6
votes

I have a Kafka Streams application for which, whenever I restart it, the offsets for the topic it is consuming get reset. Hence, for all partitions, the lags increase and the app needs to reprocess all the data.

UPDATE: The output topic is receiving a burst of events that were already processed after the App gets restarted, is not that the input topic offsets are getting reset as I said in the previous paragraph. However, the internal topic (KTABLE-SUPPRESS-STATE-STORE) offsets are getting reset, see comments below.

I have ensured the lag is 1 for every partition before the restart (this is for the output topic). All consumers that belong to that consumer-group-id (app-id) are active.
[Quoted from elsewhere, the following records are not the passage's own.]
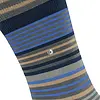 Burlington Wollen Heren Sokken - Stripe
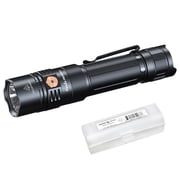 Fenix PD36R ACE 3000 Lumens Multi-Mode Rechargeable Tactical Flashlight + LumenTac Organizer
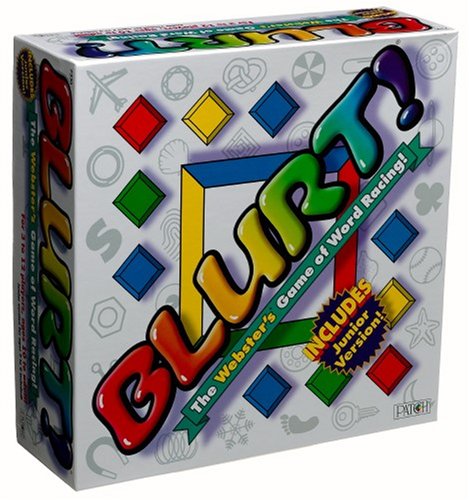 Blurt!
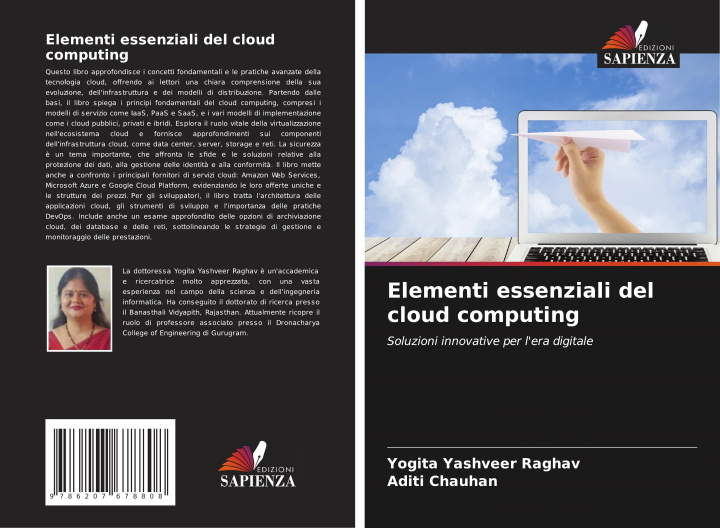 Knjiga Elementi essenziali del cloud computing Aditi Chauhan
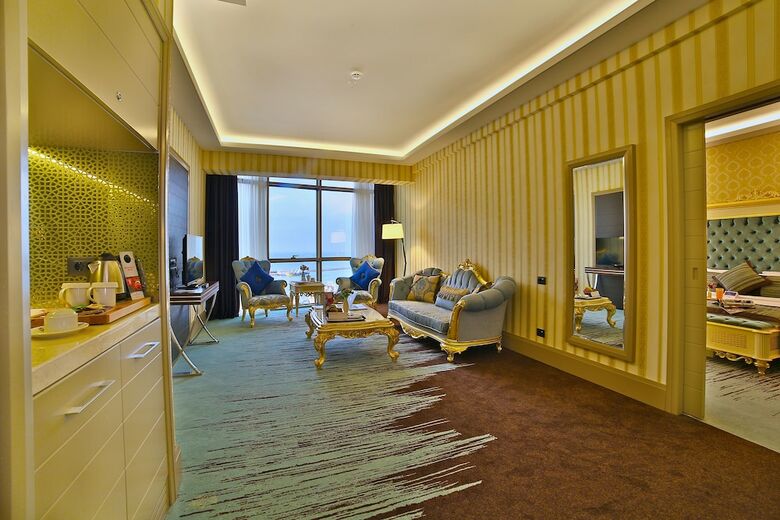 Hotel Ramada By Wyndham Iskenderun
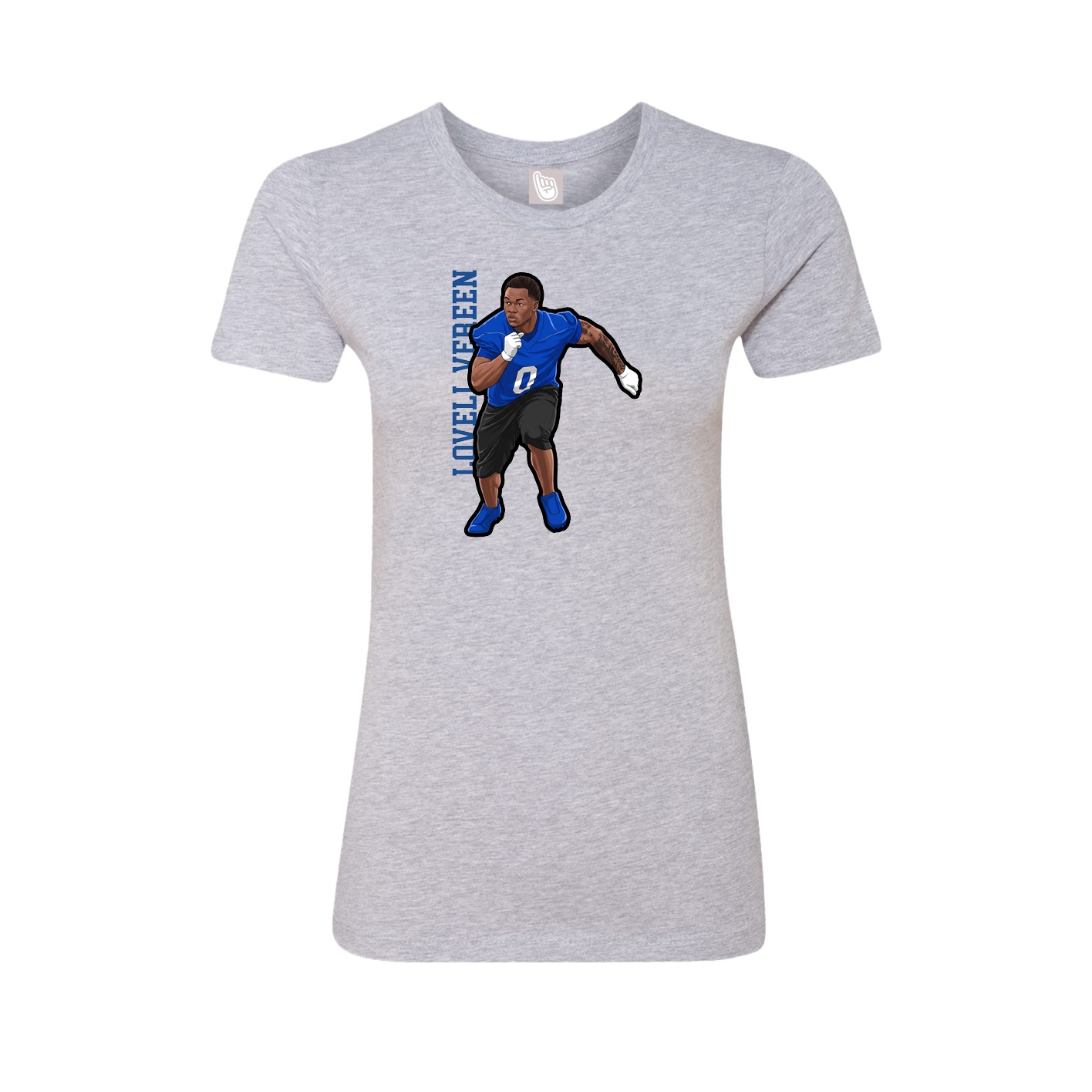 NIL Club Womens Tee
The restart is immediate, it takes around 30 secs.

The app is using exactly once as processing guarantee.

I have read this answer How does an offset expire for an Apache Kafka consumer group? .
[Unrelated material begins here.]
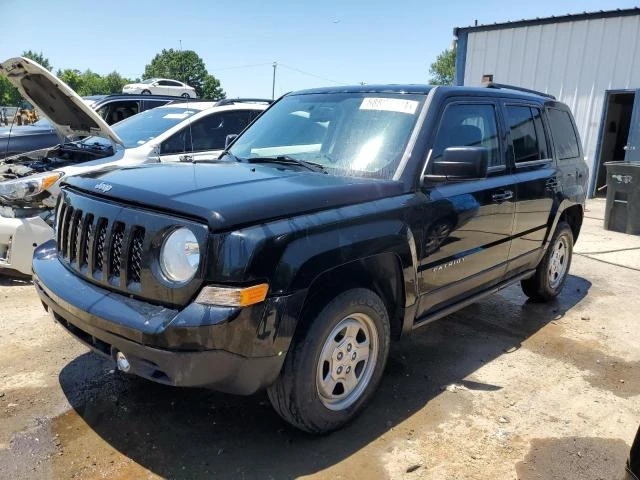 JEEP PATRIOT SP 2016 1c4njrbb8gd556811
I have tried with auto.offset.reset = latest and auto.offset.reset = earliest.

It seems like the offsets for these topics are not effectively committed, (but I am not sure about this).

I assume that after the restart the app should pick-up from the latest committed offset for that consumer group.

UPDATE: I assume this for the internal topic (KTABLE-SUPPRESS-STATE-STORE)

Does the Kafka Stream API ensure to commit all consumed offset before shutting down? (after calling streams.close())

I would really appreciate any clue about this.

UPDATE:

This is the code the App execute:

final StreamsBuilder builder = new StreamsBuilder();
final KStream<..., ...> events = builder
        .stream(inputTopicNames, Consumed.with(..., ...)
        .withTimestampExtractor(...);

events
    .filter((k, v) -> ...)
    .flatMapValues(v -> ...)
    .flatMapValues(v -> ...)
    .selectKey((k, v) -> v)
    .groupByKey(Grouped.with(..., ...))
    .windowedBy(
        TimeWindows.of(Duration.ofSeconds(windowSizeInSecs))              
            .advanceBy(Duration.ofSeconds(windowSizeInSecs))
            .grace(Duration.ofSeconds(windowSizeGraceInSecs)))
    .reduce((agg, new) -> {
        ...
        return agg;
    })
    .suppress(Suppressed.untilWindowCloses(
                  Suppressed.BufferConfig.unbounded()))
    .toStream()
    .to(outPutTopicNameOfGroupedData, Produced.with(..., ...));

The offset reset just and always happens (after restarting) with the KTABLE-SUPPRESS-STATE-STORE internal topic created by the Kafka Stream API.

I have tried with the Processing guarantee exactly once and at least once.

Once again, I will really appreciate any clue about this.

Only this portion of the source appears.